Alle stimmen ihr zu, als sechs Marketingbeauftragte regionaler Klein- bis Großunternehmen unter dem Titel „Lovebrands, Algorithmen und Emotionen“ erzählen, „was Marken heute wirklich stark macht“. Nicht Algorithmen nämlich, sagt Cristian Grajales als CMO des ortsansässigen Bauunternehmens Viebrockhaus, „sondern Menschen“. Schließlich sei „Vertrauen der Schmierstoff jeder Beziehung“, versichert Janina Lin Otto, Stiftungsvorständin der nachhaltigen „Holistic Foundation“, vor dem anschließenden Panel „Haltung oder Hype?“.
Es geht während der Premiere des CMO-Summit also um grundsätzliche Vermarktungsfragen. Und die werden – anders als bei Podiumsdiskussionen dieser Art üblich – nicht nur von oben herab diskutiert. Ebenso schwungvoll wie fachkundig moderiert von der „Abendblatt“-Digitalchefin Cordula Schmitz und Finn Rieken (Radio Hamburg), ist das Publikum hier integraler Bestandteil einer lebhaften Debatte.
Wie neue Marken zeitlos zukunftsfähig werden, möchte ein Zuschauer wissen. „Dank starker Markenfundamente und Markenkerne“, bietet Dagmar Janke am Exempel der unabänderlich blauen Nivea-Dose an.
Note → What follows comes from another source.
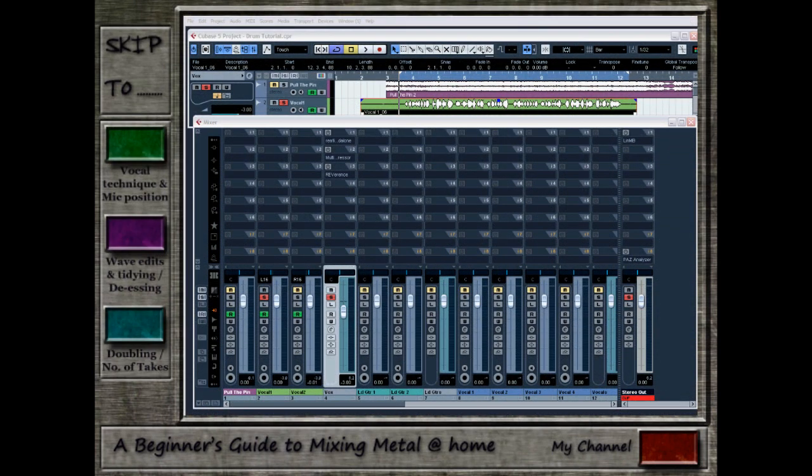Hello and welcome to episode 4 of A Beginner's Guide to Mixing Metal at Home with me, James MSV, and this episode we are going to be covering the vocals.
Also: „Unverwechselbare Bilder“ und „permanentes Brandcode-Training“. Welchen Einfluss KI auf das Marketing nehme, fragt eine Besucherin. Was Isabell Gardt am Fall eines OMR-Podcasts beantwortet, aus dem das digitale Tool mit nur einer „Prompt“ genannten Frage lesenswerte Newsletter generiert.
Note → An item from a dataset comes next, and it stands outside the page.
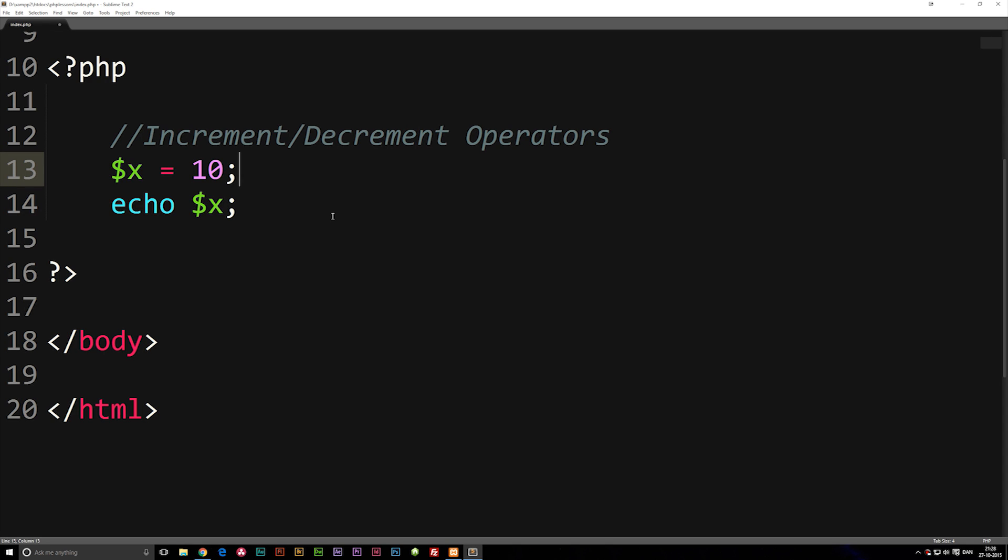In this episode we're going to talk about something called increment and decrement operators, and as you can see right now we have a variable called x which is equal to 10.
Und als ein Drehbuchautor kritisiert, der allzu offene Umgang mit KI gefährde nicht nur seinen Job, spricht sich Kristian Meinken, CEO der pilot Agenturgruppe, gegen Denkverbote aus. Die Frage sei ja nicht, „was KI irgendwann an menschlicher Arbeit ersetze, sondern wie bei ihrer Umsetzung die Bedürfnisse von Personal und Betrieb berücksichtigt würden. Trotz und wegen der Rationalisierungsgefahr, die alle Marketing-Kreativen betrifft, bleibt der CMO-Summit also positiv. Und falls das in Gefälligkeit abzugleiten droht, gibt es ja immer noch Michael Fritz.
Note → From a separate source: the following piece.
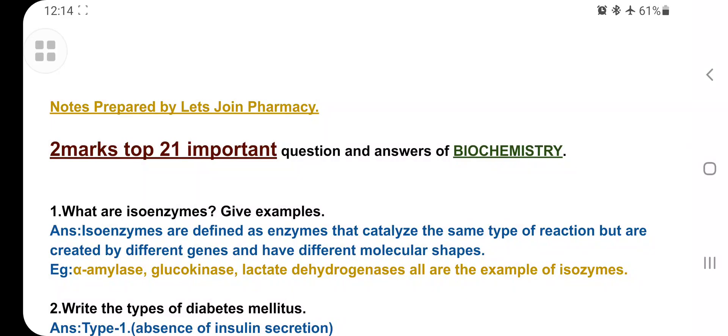Hello guys, welcome to my YouTube channel. Let's join Pharmacy — top 21 important questions and answers of biochemistry, two marks questions and answers. Watch this video until the last. I'm going to cover all the important questions for your two marks. Definitely, at least you can get seven questions correct in your examination — if they ask 10 questions, at least seven you can easily write.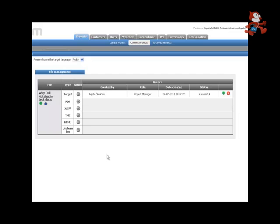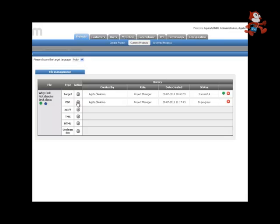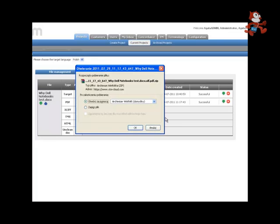You may also choose to generate and download a PDF file, an Xcliff file, a translation memory file, an HTML file, or an Uncleaned file for a Microsoft Word document, which contains both the source and target languages. Simply click on the Generate icon, and then on the green arrow in order to download the file.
Der Mitgründer von „Viva con Agua“ wettert mit beherzter Eloquenz gegen Ungerechtigkeit, Faschismus oder die „Relevanz der Irrelevanz und umgekehrt“. Dafür gibt es verlässlich Gelächter im Saal. Auf einer Veranstaltung, die Jean-Remy von Matt mit einer Flut kluger Slogans beendet. Der entscheidende: „Technologie schafft Vorsprung. Kreativität schafft Unterschied.“ Es könnte glatt das Motto der zweiten Ausgabe werden.